| Exercise details |
Below are several entries. Transcribe exactly those lines that fall from the one with "Фото: скриншот видео" through the one with "Redstart (Phoenicurus phoenicurus), a", end lines included.

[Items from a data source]
• • • •
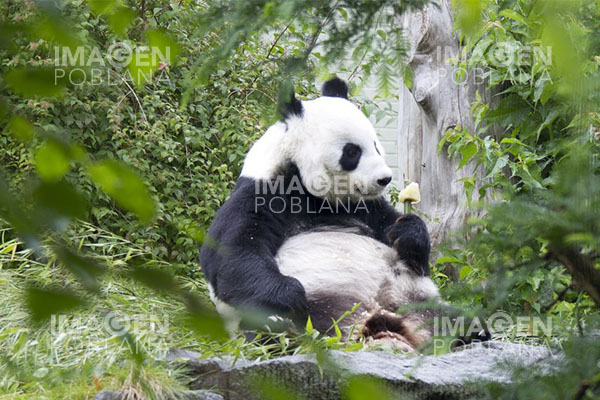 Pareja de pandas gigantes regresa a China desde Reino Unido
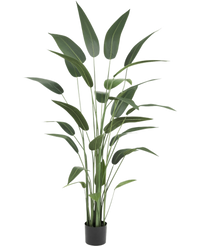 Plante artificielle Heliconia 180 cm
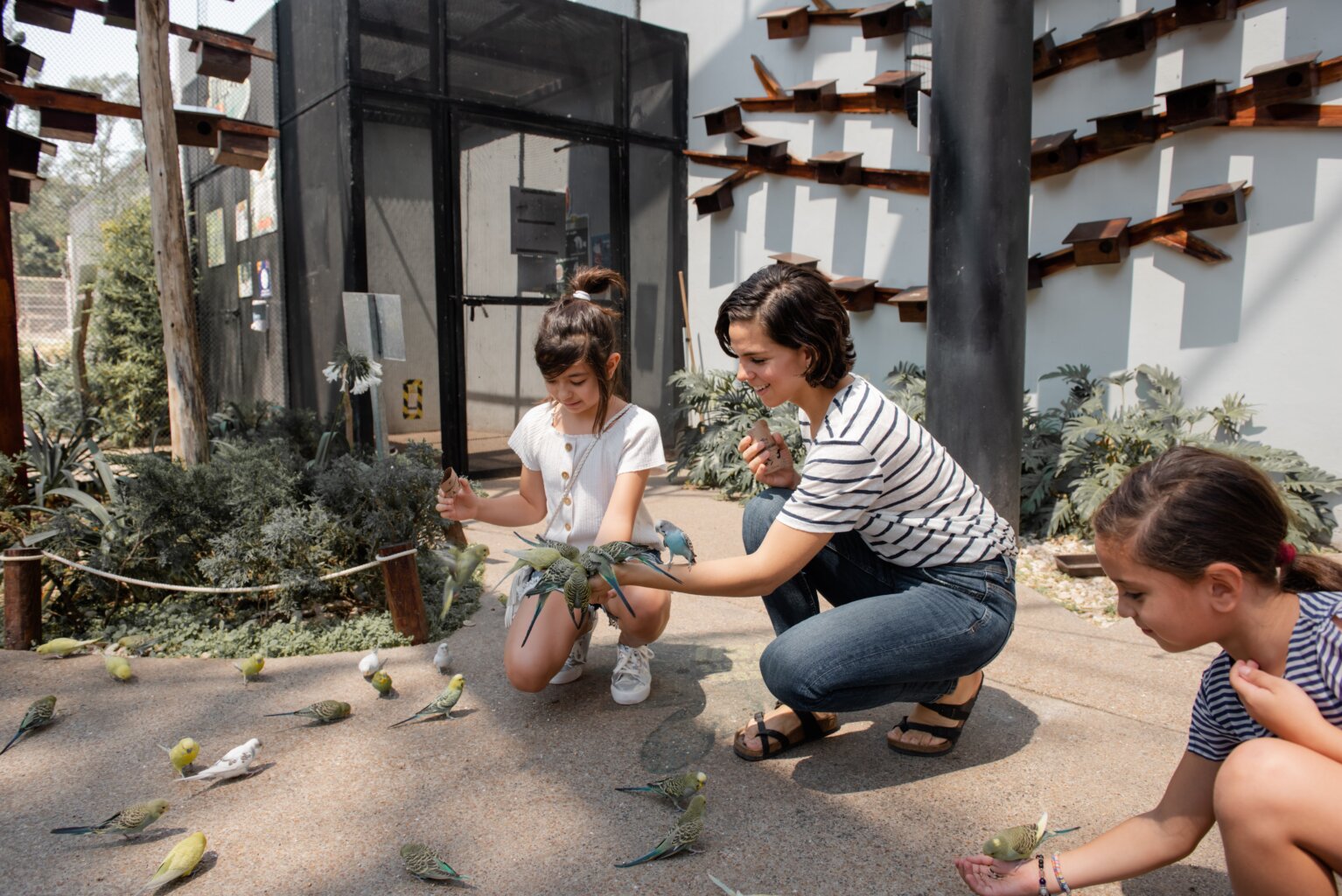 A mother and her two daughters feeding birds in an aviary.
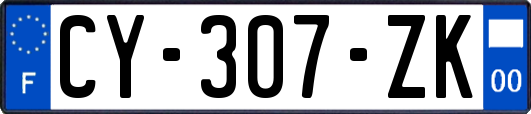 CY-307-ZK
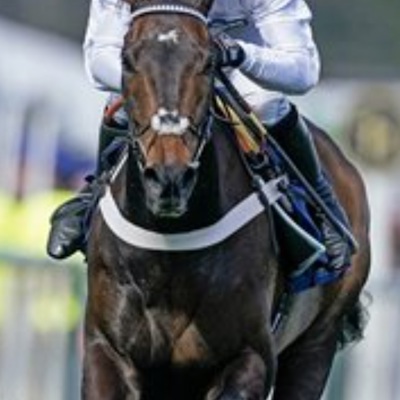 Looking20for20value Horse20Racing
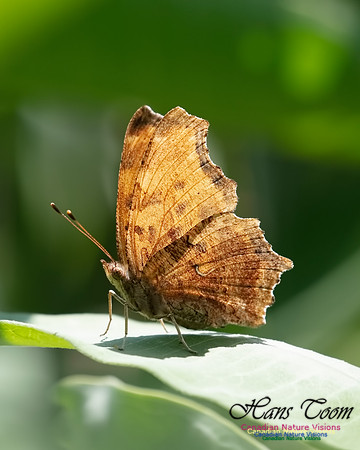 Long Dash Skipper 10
• • • •
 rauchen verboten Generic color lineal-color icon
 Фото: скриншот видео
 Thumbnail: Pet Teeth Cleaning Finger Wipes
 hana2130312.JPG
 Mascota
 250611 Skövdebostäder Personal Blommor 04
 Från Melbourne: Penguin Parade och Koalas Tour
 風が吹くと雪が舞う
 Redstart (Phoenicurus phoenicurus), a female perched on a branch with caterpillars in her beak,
• • • •
| Written solution |
 Фото: скриншот видео
 Thumbnail: Pet Teeth Cleaning Finger Wipes
 hana2130312.JPG
 Mascota
 250611 Skövdebostäder Personal Blommor 04
 Från Melbourne: Penguin Parade och Koalas Tour
 風が吹くと雪が舞う
 Redstart (Phoenicurus phoenicurus), a female perched on a branch with caterpillars in her beak,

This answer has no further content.